Is a contractor responsible for an injury caused when a worker, in his personal car, injures someone at the job site? The California Court of Appeal has held that the contractor is responsible under those circumstances under the legal doctrine of respondeat superior. This doctrine, which literally means “let the master answer,” states that an employer is responsible for the acts of employees committed in the course of their employment. The theory is that an employer, like this contractor, controls the conduct of its worker and, consequently, should be responsible for injuries caused by his conduct.

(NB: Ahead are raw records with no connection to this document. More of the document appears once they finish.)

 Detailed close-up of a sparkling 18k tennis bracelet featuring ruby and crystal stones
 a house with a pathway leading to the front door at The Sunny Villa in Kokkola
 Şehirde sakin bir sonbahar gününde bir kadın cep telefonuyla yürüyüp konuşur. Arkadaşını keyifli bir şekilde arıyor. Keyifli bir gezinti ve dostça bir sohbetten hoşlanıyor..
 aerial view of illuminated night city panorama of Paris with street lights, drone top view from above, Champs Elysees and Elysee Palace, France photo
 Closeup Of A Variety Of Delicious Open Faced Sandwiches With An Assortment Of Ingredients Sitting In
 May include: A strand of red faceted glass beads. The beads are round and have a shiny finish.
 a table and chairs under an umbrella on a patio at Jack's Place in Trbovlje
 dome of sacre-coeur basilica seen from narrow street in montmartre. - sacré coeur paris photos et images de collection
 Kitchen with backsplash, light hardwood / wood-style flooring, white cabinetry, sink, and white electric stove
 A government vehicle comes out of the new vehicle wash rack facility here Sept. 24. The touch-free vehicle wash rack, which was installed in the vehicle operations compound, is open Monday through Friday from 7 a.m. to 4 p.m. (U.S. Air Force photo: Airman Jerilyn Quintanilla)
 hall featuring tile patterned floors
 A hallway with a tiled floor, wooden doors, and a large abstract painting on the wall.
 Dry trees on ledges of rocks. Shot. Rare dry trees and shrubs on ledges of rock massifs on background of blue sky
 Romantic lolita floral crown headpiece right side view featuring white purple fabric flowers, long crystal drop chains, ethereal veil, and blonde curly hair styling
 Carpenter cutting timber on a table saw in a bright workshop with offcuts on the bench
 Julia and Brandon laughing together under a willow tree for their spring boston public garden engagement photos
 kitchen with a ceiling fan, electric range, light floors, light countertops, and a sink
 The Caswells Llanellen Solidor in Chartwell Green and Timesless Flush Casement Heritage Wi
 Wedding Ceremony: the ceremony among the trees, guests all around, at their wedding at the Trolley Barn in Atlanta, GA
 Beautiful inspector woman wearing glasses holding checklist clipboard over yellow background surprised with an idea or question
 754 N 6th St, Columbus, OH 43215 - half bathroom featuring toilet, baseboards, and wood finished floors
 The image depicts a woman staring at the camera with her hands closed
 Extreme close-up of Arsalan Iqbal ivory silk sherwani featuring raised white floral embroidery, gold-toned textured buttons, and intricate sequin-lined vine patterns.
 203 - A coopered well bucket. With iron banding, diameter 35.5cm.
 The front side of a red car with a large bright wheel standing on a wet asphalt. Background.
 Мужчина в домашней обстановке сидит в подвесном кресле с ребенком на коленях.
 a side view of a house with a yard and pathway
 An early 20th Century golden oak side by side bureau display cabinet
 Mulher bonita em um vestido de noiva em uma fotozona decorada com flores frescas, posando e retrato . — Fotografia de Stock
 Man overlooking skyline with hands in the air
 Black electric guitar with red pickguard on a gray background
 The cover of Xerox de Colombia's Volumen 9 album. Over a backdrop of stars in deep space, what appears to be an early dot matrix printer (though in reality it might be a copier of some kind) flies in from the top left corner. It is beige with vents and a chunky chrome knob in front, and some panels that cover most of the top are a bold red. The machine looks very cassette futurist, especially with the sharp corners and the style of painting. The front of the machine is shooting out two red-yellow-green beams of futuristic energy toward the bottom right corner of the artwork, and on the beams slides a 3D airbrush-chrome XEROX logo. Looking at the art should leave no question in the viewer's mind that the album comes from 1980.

If an employee acts are strictly personal in nature, the doctrine might not apply. But, acts that are necessary for the convenience or comfort of an employee at work do not take him outside of the scope of his employment. So, an employee who stops working to eat, drink, or smoke in the bathroom is still considered to be working. If the employee injures someone during these activities, the employer is going to be responsible.
Recently, the Court of Appeal in Vogt v. Herron Construction decided that an employee who moves his personal truck at work is still acting in the course and scope of his employment. In that case, there was a construction project underway in Riverside, California. Herron Construction was the framing contractor, and the contractor’s employee, while moving his personal car, ran over someone working for the concrete subcontractor. The Court explained that in moving his personal car, the contractor’s employee did not substantially deviate from his work and, as a result the trial court was wrong to throw out the case against the contractor.